[Image-caption web data]
Start of Block

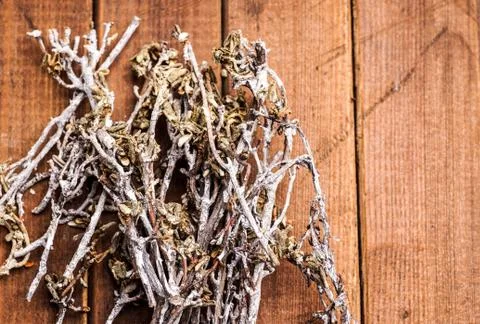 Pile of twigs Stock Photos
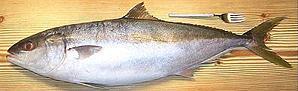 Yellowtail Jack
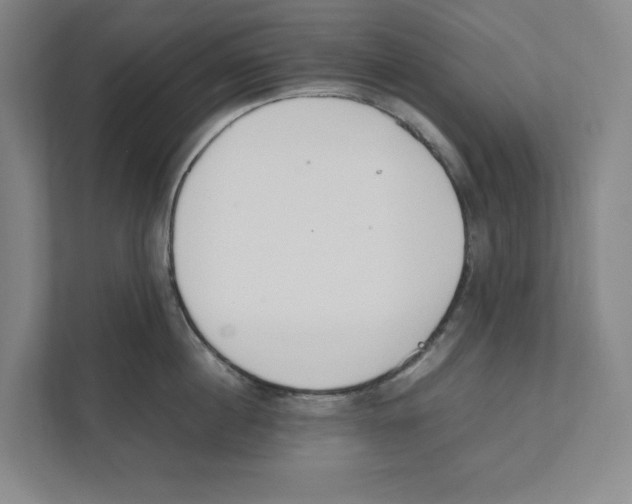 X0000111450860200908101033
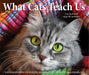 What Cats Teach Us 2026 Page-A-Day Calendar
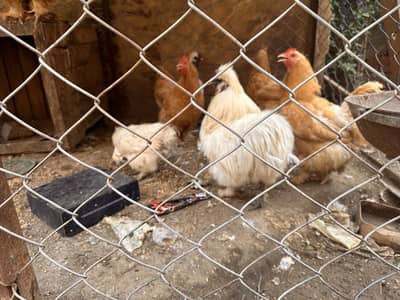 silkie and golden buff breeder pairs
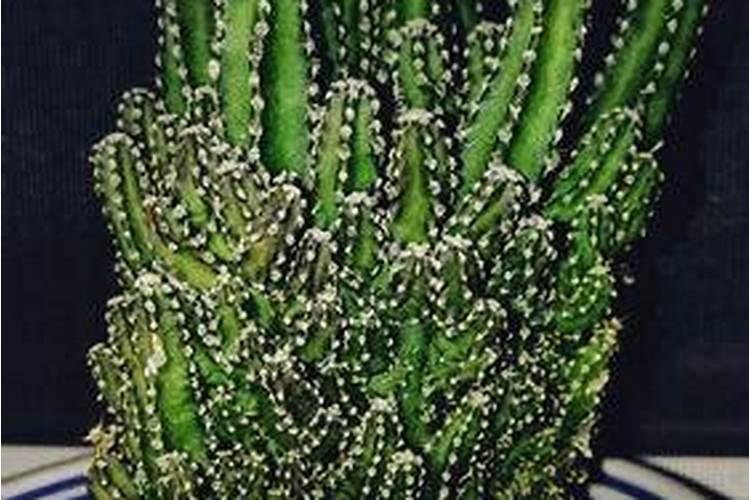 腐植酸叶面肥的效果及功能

End of Block

**Description of the task**
All of the data needs repeating exactly, but the pictures do not.

**Solution to this exercise**
 Pile of twigs Stock Photos
 Yellowtail Jack
 X0000111450860200908101033
 What Cats Teach Us 2026 Page-A-Day Calendar
 silkie and golden buff breeder pairs
 腐植酸叶面肥的效果及功能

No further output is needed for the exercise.